**Record set:**
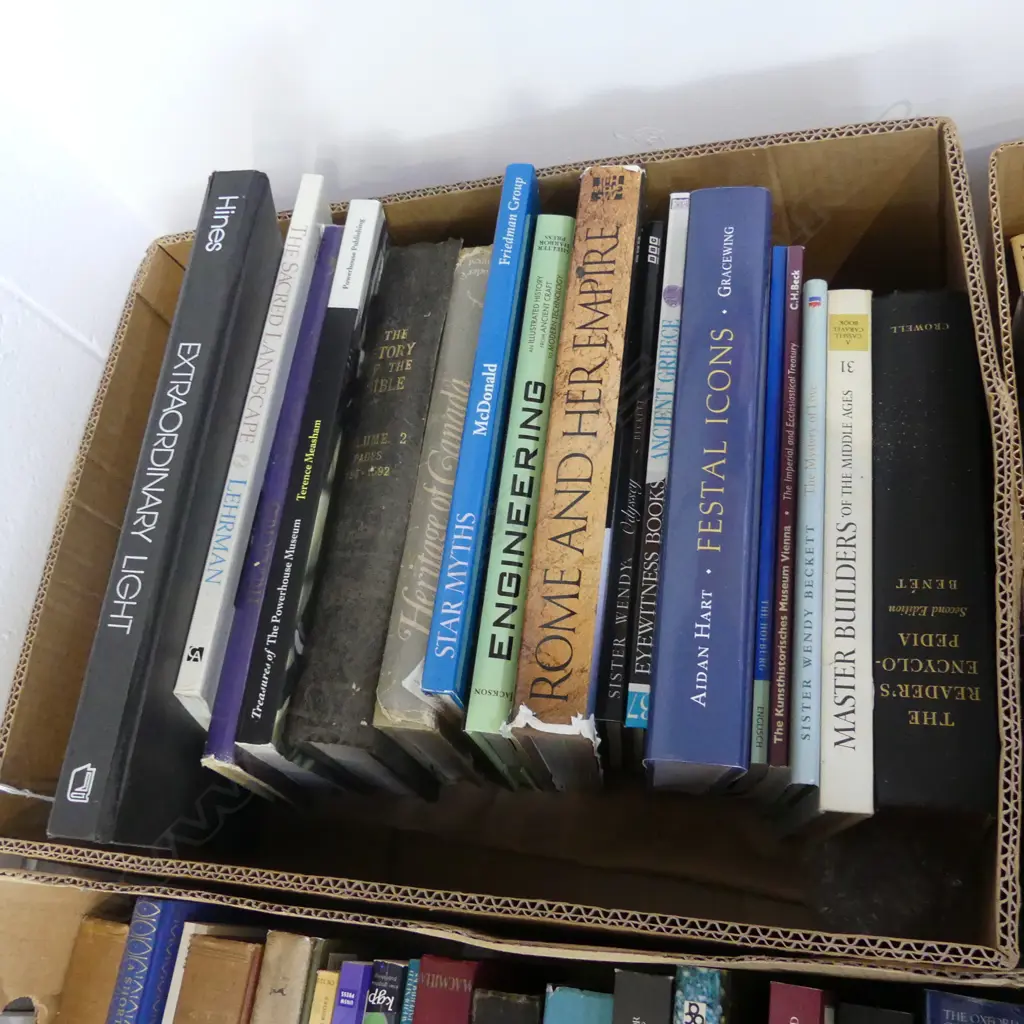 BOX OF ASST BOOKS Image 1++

==

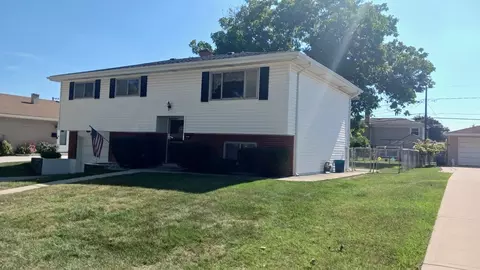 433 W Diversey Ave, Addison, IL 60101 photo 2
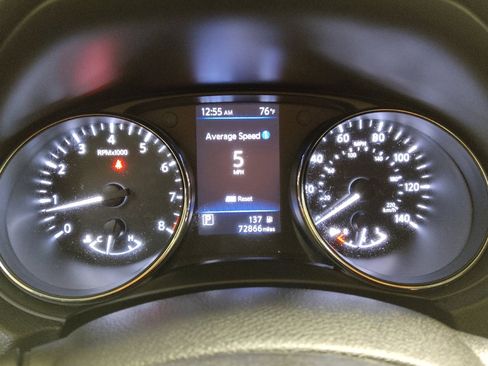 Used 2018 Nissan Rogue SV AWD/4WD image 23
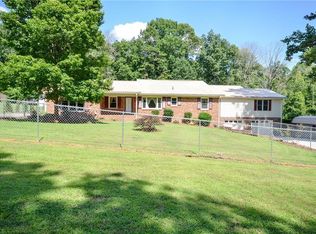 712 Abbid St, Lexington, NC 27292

==

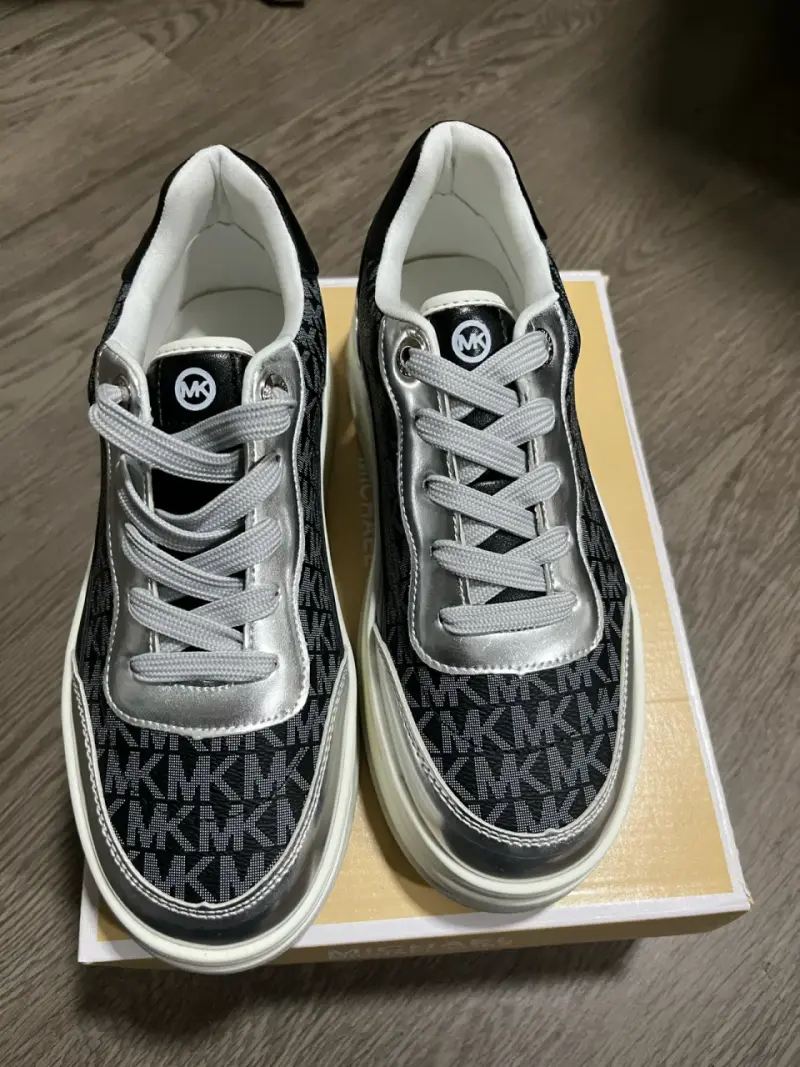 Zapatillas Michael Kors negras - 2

**What is required:** Going by the data above, the answer is exactly the lines from the one holding "433 W Diversey" to the one holding "712 Abbid St, Lexington, NC 27292", both kept, with the pictures left out.

**Final answer:**
 433 W Diversey Ave, Addison, IL 60101 photo 2
 Used 2018 Nissan Rogue SV AWD/4WD image 23
 712 Abbid St, Lexington, NC 27292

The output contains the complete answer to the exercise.